1 Noting your deadlines

When you get an assignment, note down the deadlines. Some people use a calendar app on their phone. My preference is a paper year planner, for two reasons. Firstly, I can see all the deadlines clearly. Secondly – and this is crucial for planning – I can see the deadlines in relation to each other. I keep this year planner exclusively for deadlines because I don’t want my deadlines muddled up with social arrangements and laundry day. If your deadline calendar isn’t cluttered, you focus better on the deadlines themselves.

Image credit: arellis49, Creative Commons

2 Create false deadlines

Starting university is the perfect opportunity to break poor writing habits, for example, being a right-up-to-the-wire deadline scrambler. Scramblers have little time for editing and often lose marks unnecessarily. If you’re a scrambler, try moving your assignment deadlines forward by a few days. Stick to your deadline for writing and use the extra days to edit. This technique will pay off throughout your university career and could even boost your final degree classification.

3 Resist extensions

I went to university as a mature student with three small children.
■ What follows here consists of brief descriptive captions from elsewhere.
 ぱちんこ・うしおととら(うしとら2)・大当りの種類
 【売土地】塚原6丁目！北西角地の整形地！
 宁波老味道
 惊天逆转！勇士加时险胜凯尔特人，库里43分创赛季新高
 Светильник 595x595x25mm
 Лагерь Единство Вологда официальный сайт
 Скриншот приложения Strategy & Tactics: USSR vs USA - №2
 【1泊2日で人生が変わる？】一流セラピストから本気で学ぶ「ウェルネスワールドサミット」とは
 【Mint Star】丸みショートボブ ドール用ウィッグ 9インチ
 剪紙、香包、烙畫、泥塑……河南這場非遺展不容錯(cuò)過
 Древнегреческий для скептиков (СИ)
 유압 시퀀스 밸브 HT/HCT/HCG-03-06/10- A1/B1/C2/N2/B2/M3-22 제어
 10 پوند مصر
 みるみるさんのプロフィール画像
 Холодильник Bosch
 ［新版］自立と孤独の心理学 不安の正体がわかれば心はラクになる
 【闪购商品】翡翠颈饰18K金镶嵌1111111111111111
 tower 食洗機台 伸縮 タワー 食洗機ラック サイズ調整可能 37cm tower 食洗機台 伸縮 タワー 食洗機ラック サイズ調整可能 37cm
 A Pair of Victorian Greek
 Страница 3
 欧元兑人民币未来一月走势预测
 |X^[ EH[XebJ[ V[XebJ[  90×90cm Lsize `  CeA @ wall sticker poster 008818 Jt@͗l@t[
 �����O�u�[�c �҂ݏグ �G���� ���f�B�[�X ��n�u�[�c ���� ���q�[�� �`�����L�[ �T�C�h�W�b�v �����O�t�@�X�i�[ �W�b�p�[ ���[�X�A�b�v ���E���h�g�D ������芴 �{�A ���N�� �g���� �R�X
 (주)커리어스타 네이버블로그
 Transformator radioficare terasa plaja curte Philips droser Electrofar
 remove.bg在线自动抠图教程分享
On Day One I made a vow: unless the sky had fallen in, I would never ask for an extension. Extensions are tempting but they seldom resolve a problem, and the assignment’s still hovering. When tempted, I tried using 30-minute slots to focus on particular aspects of an assignment, such as researching one theme; sketching out a plan; drafting one paragraph. It worked for me. I graduated extension-free. It could work for you.